_What to produce_
Transcribe exactly everything in the data below from the line containing "The Candidate Journey" down to the line containing "Hand Her Fight", both lines included and nothing further.

_Material for the task_
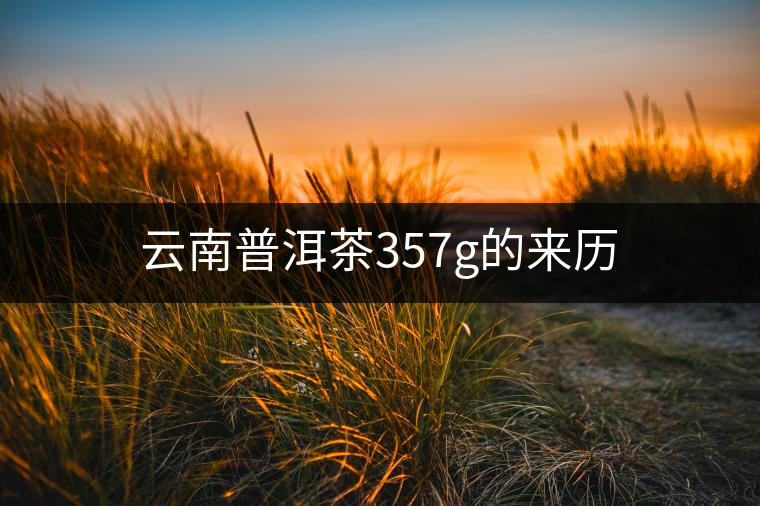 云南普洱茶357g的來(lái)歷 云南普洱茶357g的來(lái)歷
==
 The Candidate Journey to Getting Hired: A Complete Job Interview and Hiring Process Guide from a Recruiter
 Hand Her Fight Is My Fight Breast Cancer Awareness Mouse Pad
...
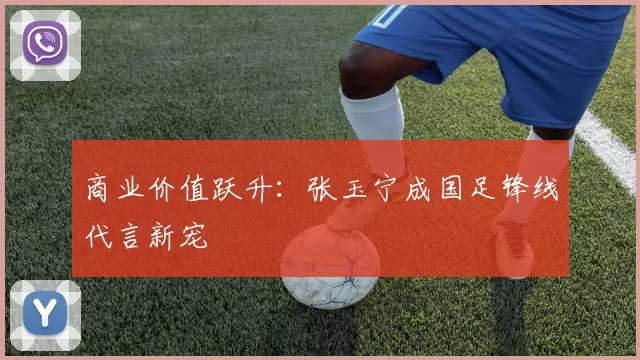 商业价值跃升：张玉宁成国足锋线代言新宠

_Problem solution_
 The Candidate Journey to Getting Hired: A Complete Job Interview and Hiring Process Guide from a Recruiter
 Hand Her Fight Is My Fight Breast Cancer Awareness Mouse Pad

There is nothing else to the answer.